As a new player, the only rules you have to know are the ones that apply to your character: Combat mechanics, spell casting (if you're a caster), how to do saves, and maybe the weight and movement rules if you care.  Plus anything that's particular to your class(es).

The problem may be that it LOOKS like you have to know 1000 pages of rules to play.  That's where a boxed set comes in handy.


----------



## Nightfall (Jun 3, 2004)

Considering the weird stuff that goes on in this state (Charlie Manson being raised here, the Mothman, our own UFO cults, the "mountain" militias and of course the vast lots of car parts that people use to get money) I'm not suprised.

I have nothing against WVU personally...just in terms of an RPG town, there's a lot left to be desired.


----------



## Sir Whiskers (Jun 3, 2004)

Psion said:
			
		

> What Ryan says is the books are too much for beginners.
> 
> Sales right now are largely driven by long term players, not beginners. I don't think it's too complicated for those who play it regularly. Just those who are not familiar with the hobby.
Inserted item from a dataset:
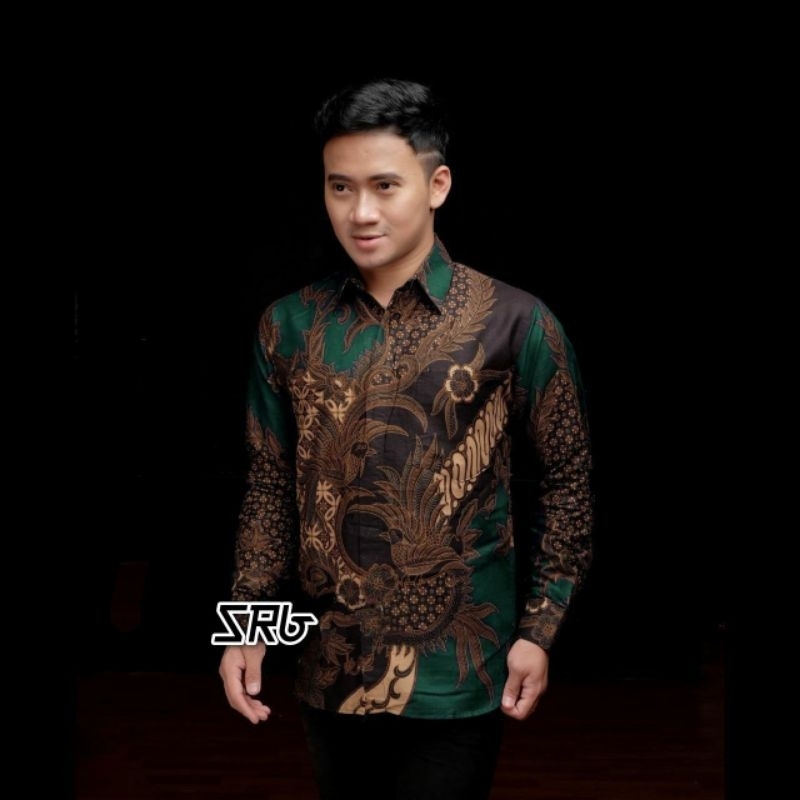 Jual Kemeja Batik Pria Motif Kawung Sage Green Baju Batik Hijau Series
It may not be too complicated to learn _eventually_, but it also isn't _easy_. Every single group I've played with has disagreed on one or more significant rules (What exactly do SR and DR affect? What happens when a creature grapples? How does a particular feat work?) And let's not even start in on things like alter self, polymorph, and a druid's wildshape ability...

IMO, the designers of this edition tried to anticipate all the situations/circumstances that could come up in play, then crafted rules for them using a few basic core concepts. The fact that the core concepts are pretty simple doesn't stop the game from being awfully heavy on rules. Add in the mostly subtle changes in 3.5, and it's impossible (for me, at least) to play a game without constantly referencing the rules, or ignoring them altogether - in which case, they must not be terribly important, so why have them?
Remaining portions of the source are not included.